- **YOUR GOAL**
There is one span to output from the data below: the lines starting at the line with "Illustration of a" and ending at the line with "INTENSE - PHOEBE". Output it exactly, ends included, nothing more.

- **DATA RECORDS**

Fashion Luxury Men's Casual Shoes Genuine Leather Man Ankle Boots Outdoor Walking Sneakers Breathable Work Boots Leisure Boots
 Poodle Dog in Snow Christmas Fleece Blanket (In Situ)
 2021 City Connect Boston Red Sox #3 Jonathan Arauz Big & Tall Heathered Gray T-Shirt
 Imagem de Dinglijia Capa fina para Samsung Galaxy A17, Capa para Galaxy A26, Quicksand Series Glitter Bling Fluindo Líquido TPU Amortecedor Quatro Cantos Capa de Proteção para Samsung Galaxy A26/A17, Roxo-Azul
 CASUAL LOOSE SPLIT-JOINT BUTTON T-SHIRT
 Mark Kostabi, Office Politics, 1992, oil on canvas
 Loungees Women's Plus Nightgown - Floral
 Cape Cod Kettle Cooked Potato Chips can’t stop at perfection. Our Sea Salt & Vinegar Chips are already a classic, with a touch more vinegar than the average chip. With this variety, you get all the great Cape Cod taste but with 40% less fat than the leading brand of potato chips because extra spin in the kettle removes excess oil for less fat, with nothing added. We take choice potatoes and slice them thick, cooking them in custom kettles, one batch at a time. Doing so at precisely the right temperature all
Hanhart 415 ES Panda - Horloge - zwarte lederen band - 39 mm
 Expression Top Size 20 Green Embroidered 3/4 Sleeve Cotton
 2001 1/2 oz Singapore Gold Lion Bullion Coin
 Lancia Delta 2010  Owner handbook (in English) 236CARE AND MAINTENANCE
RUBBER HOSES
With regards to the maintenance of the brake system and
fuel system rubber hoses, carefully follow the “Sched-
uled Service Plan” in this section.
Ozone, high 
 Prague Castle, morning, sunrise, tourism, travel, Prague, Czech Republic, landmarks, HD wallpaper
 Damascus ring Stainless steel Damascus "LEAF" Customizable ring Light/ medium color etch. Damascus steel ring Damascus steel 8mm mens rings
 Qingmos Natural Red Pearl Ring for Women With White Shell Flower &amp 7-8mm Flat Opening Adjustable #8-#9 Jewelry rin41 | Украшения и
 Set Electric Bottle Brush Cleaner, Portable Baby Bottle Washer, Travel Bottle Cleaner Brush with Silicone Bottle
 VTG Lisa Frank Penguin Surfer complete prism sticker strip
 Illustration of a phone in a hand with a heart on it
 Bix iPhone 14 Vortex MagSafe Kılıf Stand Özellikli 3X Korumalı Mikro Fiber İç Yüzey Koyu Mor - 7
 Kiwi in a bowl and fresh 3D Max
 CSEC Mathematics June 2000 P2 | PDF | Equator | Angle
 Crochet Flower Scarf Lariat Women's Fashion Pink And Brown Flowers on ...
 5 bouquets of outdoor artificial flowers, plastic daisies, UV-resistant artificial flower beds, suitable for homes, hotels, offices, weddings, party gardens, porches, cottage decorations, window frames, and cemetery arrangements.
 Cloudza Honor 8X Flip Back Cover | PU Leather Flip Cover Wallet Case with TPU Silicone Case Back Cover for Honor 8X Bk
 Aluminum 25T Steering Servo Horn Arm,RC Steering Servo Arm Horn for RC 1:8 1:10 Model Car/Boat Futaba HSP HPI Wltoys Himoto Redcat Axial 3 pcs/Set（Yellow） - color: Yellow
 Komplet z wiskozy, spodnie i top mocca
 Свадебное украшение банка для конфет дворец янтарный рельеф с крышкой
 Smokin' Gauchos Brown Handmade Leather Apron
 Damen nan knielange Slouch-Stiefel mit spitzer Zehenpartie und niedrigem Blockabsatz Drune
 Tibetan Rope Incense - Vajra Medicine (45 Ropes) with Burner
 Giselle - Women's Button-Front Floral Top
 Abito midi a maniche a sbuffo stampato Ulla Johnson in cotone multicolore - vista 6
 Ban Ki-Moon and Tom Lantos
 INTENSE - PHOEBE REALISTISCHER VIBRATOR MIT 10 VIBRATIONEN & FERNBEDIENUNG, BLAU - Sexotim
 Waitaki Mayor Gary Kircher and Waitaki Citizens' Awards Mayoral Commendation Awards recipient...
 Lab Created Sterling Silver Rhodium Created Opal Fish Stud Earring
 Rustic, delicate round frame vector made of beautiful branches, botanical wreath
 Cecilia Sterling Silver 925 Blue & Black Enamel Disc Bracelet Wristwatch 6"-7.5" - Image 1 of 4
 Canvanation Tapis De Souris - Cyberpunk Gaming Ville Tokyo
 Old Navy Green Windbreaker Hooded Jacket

- **EXERCISE OUTPUT**
 Illustration of a phone in a hand with a heart on it
 Bix iPhone 14 Vortex MagSafe Kılıf Stand Özellikli 3X Korumalı Mikro Fiber İç Yüzey Koyu Mor - 7
 Kiwi in a bowl and fresh 3D Max
 CSEC Mathematics June 2000 P2 | PDF | Equator | Angle
 Crochet Flower Scarf Lariat Women's Fashion Pink And Brown Flowers on ...
 5 bouquets of outdoor artificial flowers, plastic daisies, UV-resistant artificial flower beds, suitable for homes, hotels, offices, weddings, party gardens, porches, cottage decorations, window frames, and cemetery arrangements.
 Cloudza Honor 8X Flip Back Cover | PU Leather Flip Cover Wallet Case with TPU Silicone Case Back Cover for Honor 8X Bk
 Aluminum 25T Steering Servo Horn Arm,RC Steering Servo Arm Horn for RC 1:8 1:10 Model Car/Boat Futaba HSP HPI Wltoys Himoto Redcat Axial 3 pcs/Set（Yellow） - color: Yellow
 Komplet z wiskozy, spodnie i top mocca
 Свадебное украшение банка для конфет дворец янтарный рельеф с крышкой
 Smokin' Gauchos Brown Handmade Leather Apron
 Damen nan knielange Slouch-Stiefel mit spitzer Zehenpartie und niedrigem Blockabsatz Drune
 Tibetan Rope Incense - Vajra Medicine (45 Ropes) with Burner
 Giselle - Women's Button-Front Floral Top
 Abito midi a maniche a sbuffo stampato Ulla Johnson in cotone multicolore - vista 6
 Ban Ki-Moon and Tom Lantos
 INTENSE - PHOEBE REALISTISCHER VIBRATOR MIT 10 VIBRATIONEN & FERNBEDIENUNG, BLAU - Sexotim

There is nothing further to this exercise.